Requesting anonymity, he added the group had decided that India might be included in the project at a later stage.

He said the pipeline will have the capacity to carry the gas to the Indian border if New Delhi expressed its willingness to join the project.

However, India refused to attach much importance to the official's remark.

"There is no clarity on the subject," said a senior petroleum ministry official in New Delhi. "One of the interpretations that we can give is that these (statements) are just pressure tactics," he added.

Officials in New Delhi pointed out that there have been similar statements and reports from Islamabad in recent months that India was dropped from the tri-nation project.

At a press meet on Nov 13, Indian Petroleum Secretary M.R. Srinivasan had disputed such reports and noted that there had been only bilateral talks between Iran and Pakistan in Teheran.

"But contrary to media reports... they reread all the provisions of the contract and agreed on most of the contents," he said. Even reports on a "deadline" to India to join the project was later denied by Iran.

India has maintained that it is very much interested to participate in the project, but it still has differences with Pakistan on transportation tariff and transit fees.

India has refused to attend the trilateral talks, as it felt that the bilateral issues needed to be resolved first.

"Also, the gas price is on the higher side. We are also not desperate for the gas, as there are new sources for energy since the initiation of talks on the pipeline," said an official in New Delhi, adding that the project had to be commercially viable to ensure India's participation.

India planned to discuss the IPI pipeline project with Pakistan in the last week of November when Petroleum and Natural Gas Minister Murli Deora was to visit Islamabad to attend the steering committee meeting of the ADB-sponsored Turkmenistan-Afghanistan-Pakistan-India pipeline project.
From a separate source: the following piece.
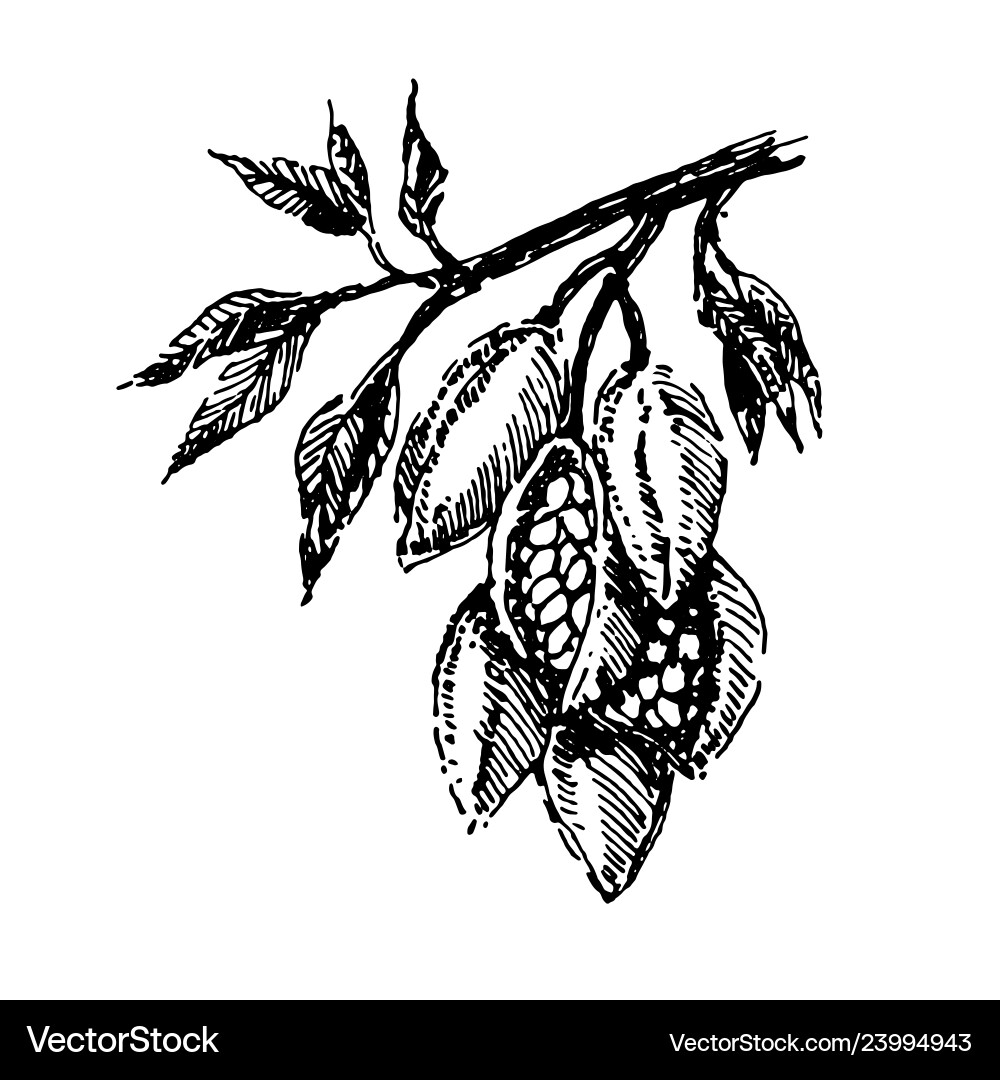 Cocoa Branch with Beans - Botanical Sketch vector image
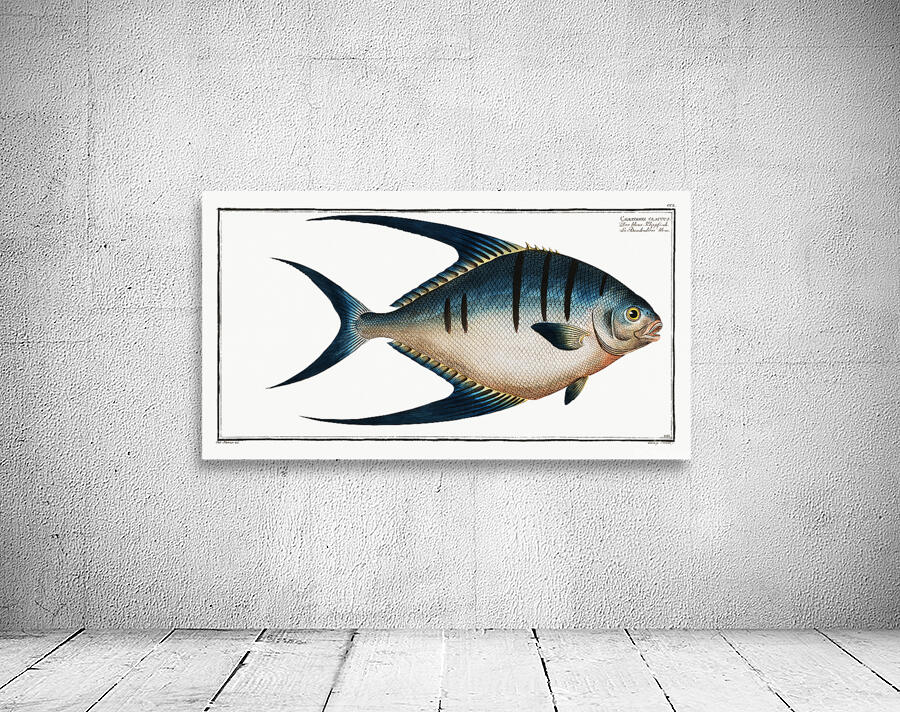 Great Pompano Palometa Wall Preview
However, the meeting had been cancelled due to domestic developments in Pakistan. The next meeting on the committee may be held in Islamabad in February 2008.

The IPI project involves building a 2,775-km pipeline to deliver natural gas from Iran's South Pars field to Pakistan and India. Expected to be completed in three to five years, its estimated cost is $7 billion.

Meanwhile, the 11th Pakistan-Iran JWG meeting discussed the Gas Sales Purchase Agreement (GSPA) and Intergovernmental Framework Agreement (IGFA).

H. Ghanimi Fard, Special Representative of Iran's Petroleum Minister, led his country's delegation whereas Farrakh Qayyum, secretary of the ministry of petroleum and natural resources, led the Pakistan delegation.

The Iranian team called on Paksitan's Petroleum and Natural Resources Minister Ahsanullah Khan, who conveyed his government's firm support to the project and urged the two delegations to conclude their discussions on the GSPA and IGFA.

Without mentioning India, the minister said the project will begin as "soon as possible" and without any further negotiations.

The two sides agreed that they had covered a lot of ground on the project agreement at the bilateral level in the last couple of JWG sessions.